Les cas d'infections transmissibles sexuellement et par le sang (ITSS) augmentent à un rythme important depuis dix ans au Québec, au point où le ministère de la Santé et des Services sociaux parle maintenant d'une «épidémie silencieuse».

Cette année, environ 40 000 Québécois recevront un diagnostic d'ITSS, a révélé cet après-midi le directeur national de santé publique du Québec, le Dr Alain Poirier, lors de la présentation du Quatrième rapport national sur l'état de santé de la population.

«Le mot épidémie veut simplement dire, non pas qu'il y a une perte de contrôle, mais que ça augmente tout le temps», a affirmé le Dr Poirier. «Quand année après année, c'est la situation, on ne peut pas faire autrement que de parler d'épidémie. Et parce qu'on n'en parle pas assez, moi je la qualifie, et d'autres l'ont qualifiée avant moi, de silencieuse.»

Les chiffres rendus public sont préoccupants. Depuis 1998, la chlamydia, la gonorrhée et la syphilis connaissent une augmentation rapide et constante au sein de la population. Selon le rapport, le nombre de cas de syphilis infectieuse est passé d'un par mois en 2001 à un par jour en 2006. Durant la dernière décennie, plus de 100 000 cas de chlamydia ont été recensés dans la province tandis que plus de 1650 cas de gonorrhée ont été déclarés en 2008 seulement.

Des statistiques inquiétantes, puisque selon le Dr Poirier, environ 50% des femmes qui ont recours à la fertilisation in vitro au Québec auraient souffert d'une chlamydia ou d'une gonorrhée non traitée.

Pour ce qui est du virus de l'immunodéficience humaine (VIH), le nombre de nouveau cas semble assez stable depuis 2003, oscillant entre 336 et 456 nouveaux cas annuellement.
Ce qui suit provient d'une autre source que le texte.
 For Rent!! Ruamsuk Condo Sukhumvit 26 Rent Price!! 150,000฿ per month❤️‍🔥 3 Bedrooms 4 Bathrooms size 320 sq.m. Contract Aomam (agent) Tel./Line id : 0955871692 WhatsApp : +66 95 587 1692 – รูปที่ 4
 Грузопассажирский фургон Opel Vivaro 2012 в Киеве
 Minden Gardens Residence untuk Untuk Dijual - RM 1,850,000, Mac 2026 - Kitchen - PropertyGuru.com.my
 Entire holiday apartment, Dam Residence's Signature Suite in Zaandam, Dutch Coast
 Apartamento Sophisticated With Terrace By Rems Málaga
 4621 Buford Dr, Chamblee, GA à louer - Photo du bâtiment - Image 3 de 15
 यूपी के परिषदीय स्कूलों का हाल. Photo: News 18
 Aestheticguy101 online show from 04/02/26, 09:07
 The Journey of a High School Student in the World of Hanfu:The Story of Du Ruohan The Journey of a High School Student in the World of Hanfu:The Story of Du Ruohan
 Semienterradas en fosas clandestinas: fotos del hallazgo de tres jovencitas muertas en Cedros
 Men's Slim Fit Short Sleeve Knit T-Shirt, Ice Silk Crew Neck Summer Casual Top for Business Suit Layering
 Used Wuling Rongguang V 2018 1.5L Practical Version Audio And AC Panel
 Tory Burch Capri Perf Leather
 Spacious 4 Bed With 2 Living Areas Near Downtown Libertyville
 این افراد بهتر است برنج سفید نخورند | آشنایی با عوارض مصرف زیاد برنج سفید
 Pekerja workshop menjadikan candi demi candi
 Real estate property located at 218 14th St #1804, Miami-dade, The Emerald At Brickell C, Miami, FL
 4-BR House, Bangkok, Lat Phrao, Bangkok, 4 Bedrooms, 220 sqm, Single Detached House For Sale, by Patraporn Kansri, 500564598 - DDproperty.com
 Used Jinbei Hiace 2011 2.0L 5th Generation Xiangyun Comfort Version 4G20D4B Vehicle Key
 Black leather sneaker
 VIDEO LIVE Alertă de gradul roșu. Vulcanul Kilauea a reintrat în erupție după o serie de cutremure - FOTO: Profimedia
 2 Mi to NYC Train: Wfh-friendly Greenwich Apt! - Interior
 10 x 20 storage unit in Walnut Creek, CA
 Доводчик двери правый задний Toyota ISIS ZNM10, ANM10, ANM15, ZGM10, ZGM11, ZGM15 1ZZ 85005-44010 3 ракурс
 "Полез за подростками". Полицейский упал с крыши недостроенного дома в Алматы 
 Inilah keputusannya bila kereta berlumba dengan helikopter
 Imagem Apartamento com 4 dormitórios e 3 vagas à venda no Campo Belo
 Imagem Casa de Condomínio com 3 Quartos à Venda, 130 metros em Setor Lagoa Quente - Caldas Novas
Les populations les plus touchées sont les jeunes, les homosexuels, les utilisateurs de drogues injectables, les détenus et les prostituées.

En marge de la conférence de presse du Dr Poirier, le président de la Clinique L'Actuel, le docteur Réjean Thomas, a qualifié ces augmentations de dramatiques. Il les attribue à la baisse du port du condom et au fait que la peur du VIH a beaucoup diminué avec l'arrivée de la trithérapie.

Le spécialiste de la question des ITSS a également critiqué la disparition des cours de Formation personnelle et sociale du cursus de l'école secondaire. Depuis quelques années, les notions liées à la sexualité sont abordés dans différents cours comme ceux de biologie ou de sciences et technologies.

«La disparition de l'éducation sexuelle dans les écoles, ce n'est pas banal. Ce n'est pas vrai que c'est un professeur de mathématiques qui va parler du port du condom. Les compétences transversales là-dedans, ça ne marche pas.»

Selon son évaluation, les fonds destinés à la prévention ne sont pas suffisants. Selon le Dr Poirier, le budget cette année pour la prévention des ITSS est de 27 millions de dollars.

«Pourquoi investit-on dans les traitements et non la prévention? À la Clinique l'Actuel, on a 150 nouveaux cas de trithérapie à chaque année. Quand on pense que ça coûte 20 000 à 25 000 $ par année par patient payé par le gouvernement. Par ailleurs, on paye pour les traitements pour la procréation, mais pendant ce temps 30 à 40% des cas de stérilité sont causés par les cas de gonorrhée et syphilis non traitées. On n'a pas fait le virage prévention qu'il faudrait faire», a-t-il remarqué.